By Todd Rosenbluth
Standard & Poor's Equity Research Services thinks Amdocs (DOX; recent price, $24.50), which provides customer-management services to telecom-services providers, will continue to benefit from the need for carriers to boost customer service. Competition has intensified in the global wireline and wireless markets, and we believe this creates growth opportunities for companies such as Amdocs that can help the carriers reduce churn through comprehensive billing and customer care.
We believe that earnings and free cash-flow growth prospects aren't reflected in Amdocs shares, which carry Standard & Poor's highest investment recommendation of 5 STARS, or buy.
Amdocs targets its broad suite of integrated customer-management services to industry-leading telecoms in North America, Europe, and the rest of the world. It provides customers with a portfolio of integrated billing and customer-relationship-management (CRM) products. It believes that its systems reduce operational costs, support customer retention, and aid the rollout of new marketing packages.

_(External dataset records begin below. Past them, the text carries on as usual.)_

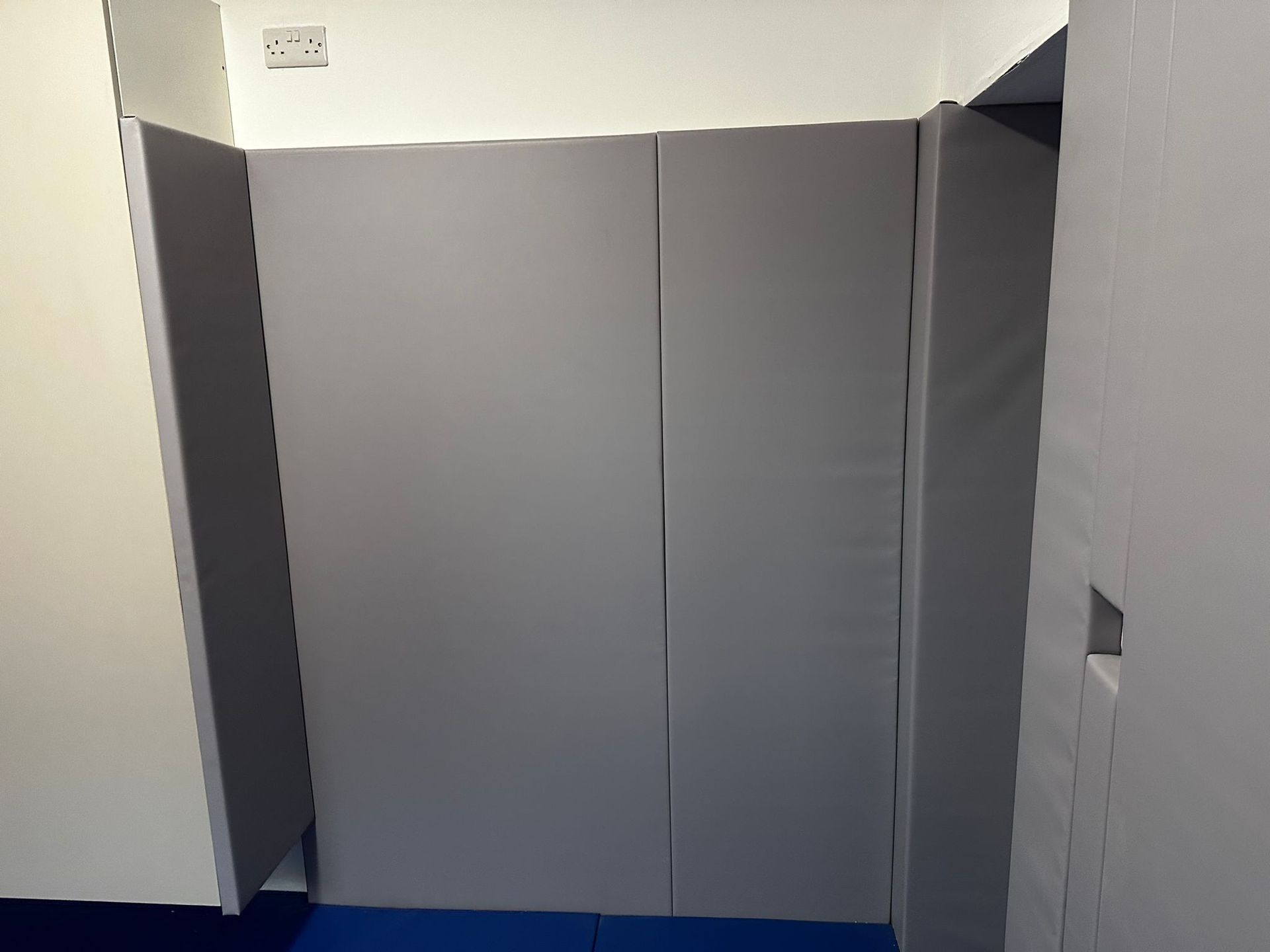 a grey padded wall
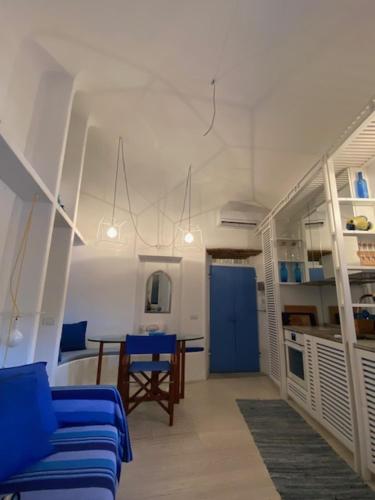a living room with blue chairs and a table at Occhio sul mare in Isola del Giglio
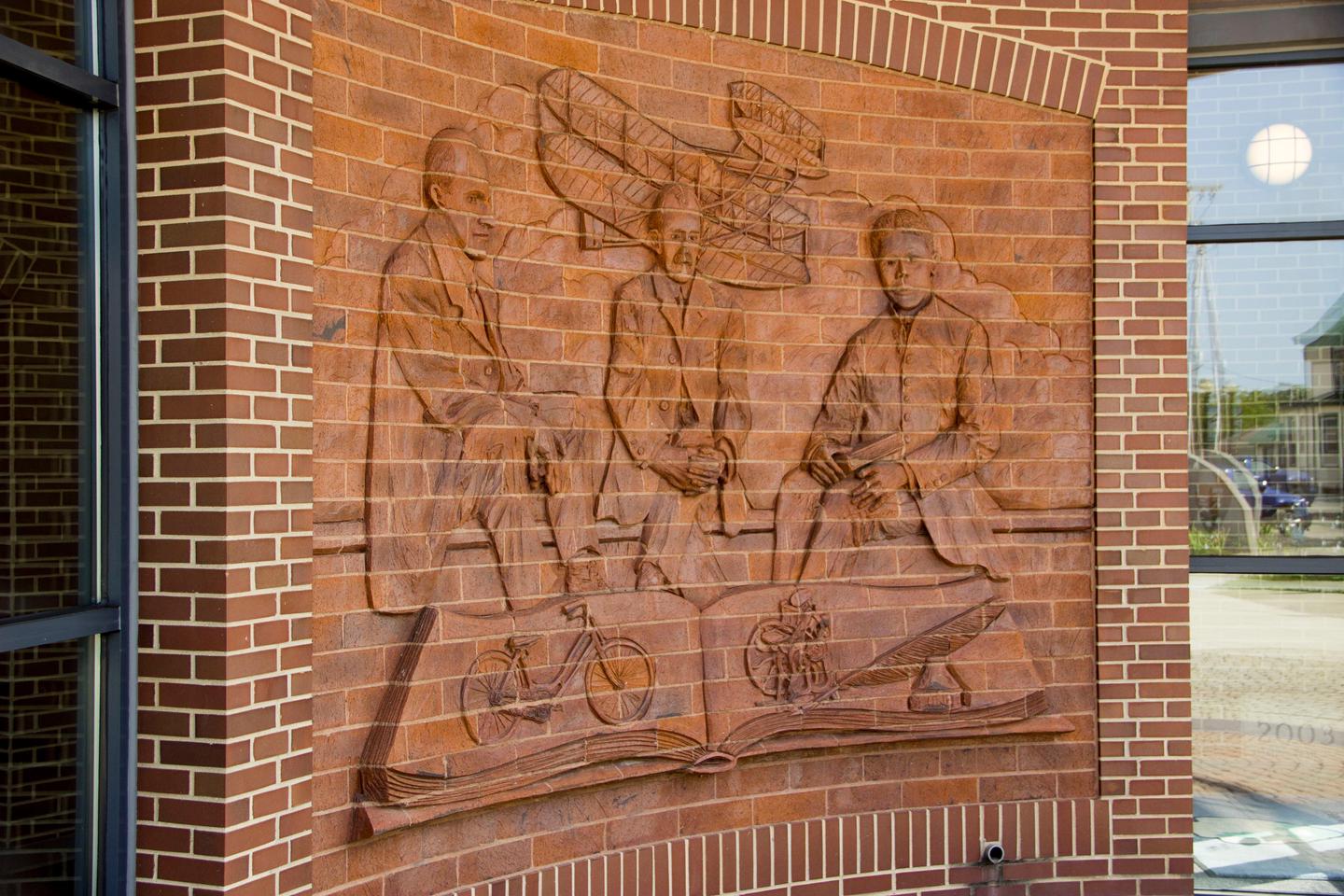 Wrights and Dunbar muralAn artistic mural etched out of the red brick wall at the Wright-Dunbar Interpretive Center entrance.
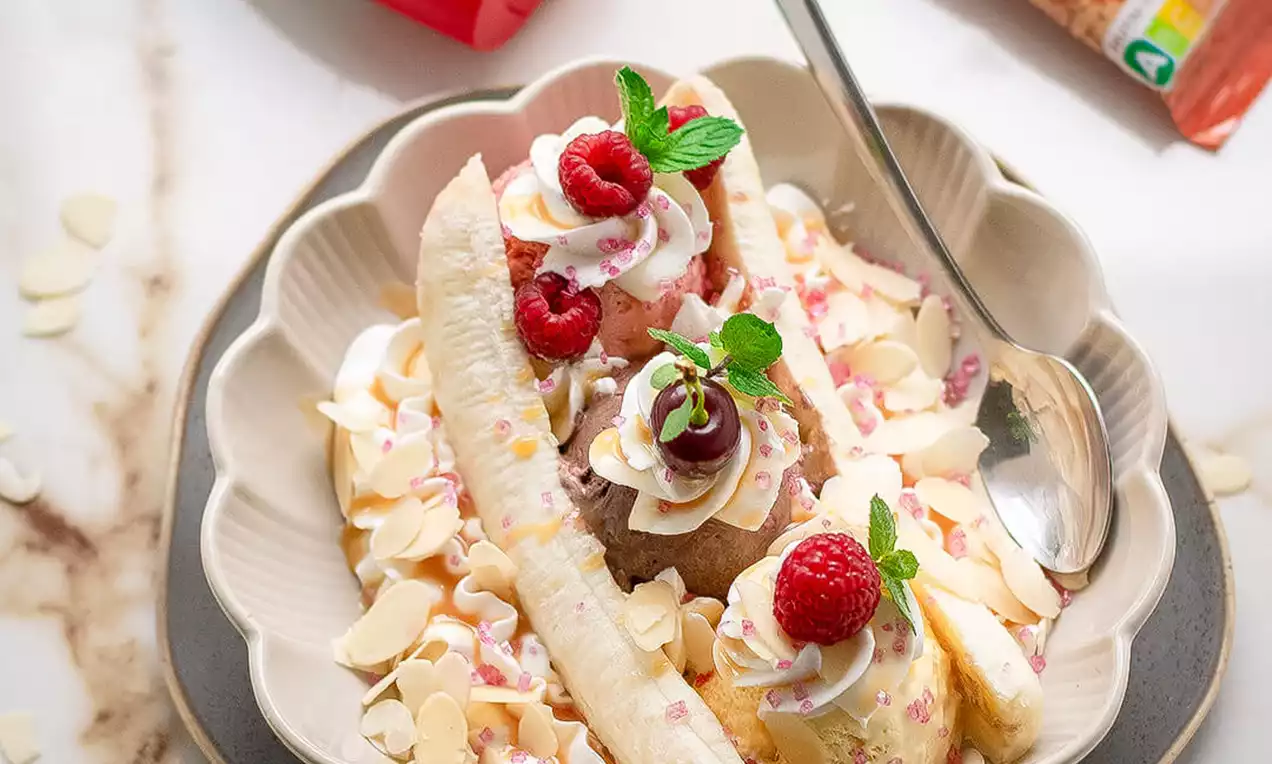 Ledena sladica z rumenimi polovicami banane, kepicami kremastega sladoleda, svežimi malinami, mandljevimi lističi in smetanovimi rozetami na keramičnem krožniku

Amdoc's core product, its Integrated Customer Management (ICM), consists of Amdocs Enabler, which supports prepaid and postpaid billing of voice and next-generation service, and Amdocs ClarifyCRM, which provides help in managing customer relationships through service and support, sales and ordering, and marketing and analytics. In addition, Amdocs offers an advanced line of products that supports directory-publishing operations, including Internet directories, as well as traditional Yellow and White Pages. Amdocs generates revenues from services (95.5% of the total in the fiscal year ended September, 2003) and licenses (4.5%).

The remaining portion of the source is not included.